MD OF BIGHORN – It was a very different firefighting world when Rick Lyster went out on his first fire call on May 10, 1980.

Now, on June 1, 2022, he will officially retire from the Municipal District of Bighorn fire department.

His original decision to join the Exshaw volunteer fire department at the time was simply because so many of his friends were already serving.

“You have to look back 40 years to see what things were like in Exshaw. There was not a lot to do. I was working at the plant and had just been married,” Lyster said. “A lot of my co-workers were also living in Exshaw and working at the plant and they would talk about their fire calls. I wanted to go and play with my friends.”

In 1994, Lyster would become the chief of the fire department, a role he has held ever since, even as his duties have expanded to include bylaw enforcement. Lyster also serves as the community peace officer, safety codes officer and director of emergency management.

The next chief will have a lighter workload, allowing the individual to focus on the fire department. The chief’s primary responsibilities will be emergency management and serving as the fire chief.

“I was so busy I was not able to put the attention I wanted to into some things,” Lyster said. “It is a really good step for the MD of Bighorn to take. The chief won’t have to be a peace officer, or deal with bylaws and bylaw enforcement.”

Over the past four decades, Lyster has seen the fire department change in many ways, but nothing has changed more than the technology used. When Lyster started with the department, the trucks were from the 1950s and 1960s.

“When you went out on a fire, you were on the tailboard riding the back of the truck, the outside of the truck, hanging on for dear life,” Lyster said.

CB radios were the primary form of communication and how calls were received at the time and residents played a much more active role in fighting fires.

“I think you just called 0 and talked to an AGT operator and told them what the issue was and then they called the Exshaw fire department,” Lyster said. “That was answered by people who had fire phones in their homes, and they pushed a button and let a big air raid siren go. We kept that system for quite a while.”

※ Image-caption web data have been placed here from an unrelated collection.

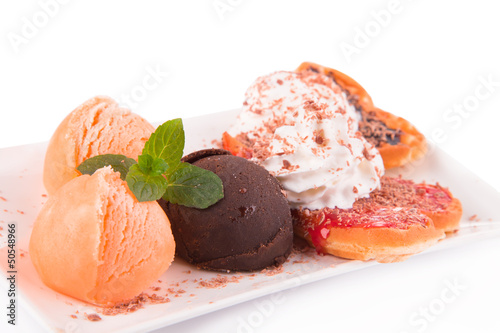 Brown and oranre ice cream on bowl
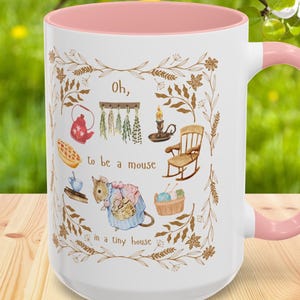May include: White ceramic mug with a pink interior and handle. The mug features a whimsical illustration with the text "Oh, to be a mouse in a tiny house." The design includes a mouse, a rocking chair, and other miniature items.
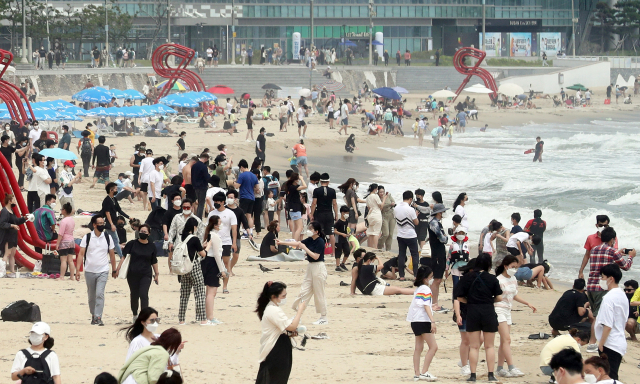 부산지역 해수욕장 전면 개장 첫 주말인 4일 해운대해수욕장에서 피서객들이 더위를 식히고 있다. 부산은 1일부터 새로운 사회적 거리두기가 적용됐으나 해운대해수욕장과 송정해수욕장에서는 4인까지만 모임이 가능하다. 부산 해수욕장에서는 백신 접종자를 포함해 모든 방문객이 마스크를 24시간 써야 하고 해수욕장별 고유 번호(안심콜)로 전화를 해 방문 기록을 남겨야 한다. 파라솔은 2m 이상 간격으로 설치해야 한다. 연합뉴스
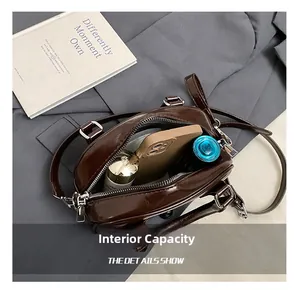 Internal capacity of the brown glossy leather bag showing phone and cosmetics storage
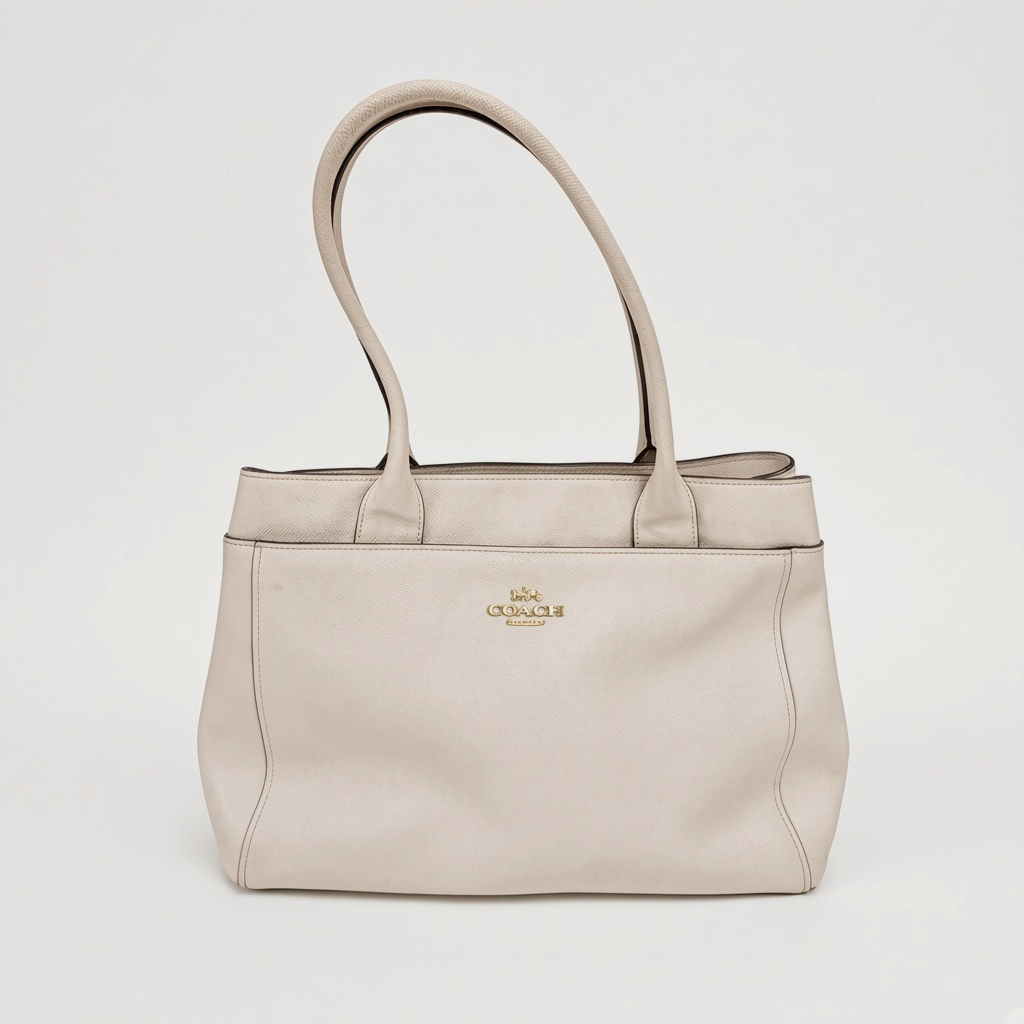 Lynn's Closet Boutique Coach Casey tote bag in chalk crossgrain leather with gold-tone hardware and shoulder straps.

Eventually, pagers came into use, and then cell phones. Today, computers play a much bigger role in how the department operates. The trucks are also much more modern.

“Our trucks are very current, very new, the latest technology that is available there,” Lyster said.

The biggest change during the past 40 years was in the personal protective equipment the firefighters use.

“We had rubber boots that folded up your leg and we had black canvas jackets that went to your knees and fibreglass helmets,” Lyster said. “It wouldn’t meet today’s standards by any stretch.”

After his last day on June 1, Lyster will be taking a three-week road trip with his family. Possibly later, he will be moving to the Drumheller area to be closer to family.

At his last council meeting, where he spoke regarding the new protective services position, there was high praise for his years of service.

“I can’t even imagine, 42 years, I am 40 years old. You were doing this job before I was even a twinkle in my parent’s eye,” MD reeve Lisa Rosvold said. “I can’t express my gratitude for all you have done for the residents and ratepayers of the MD of Bighorn.”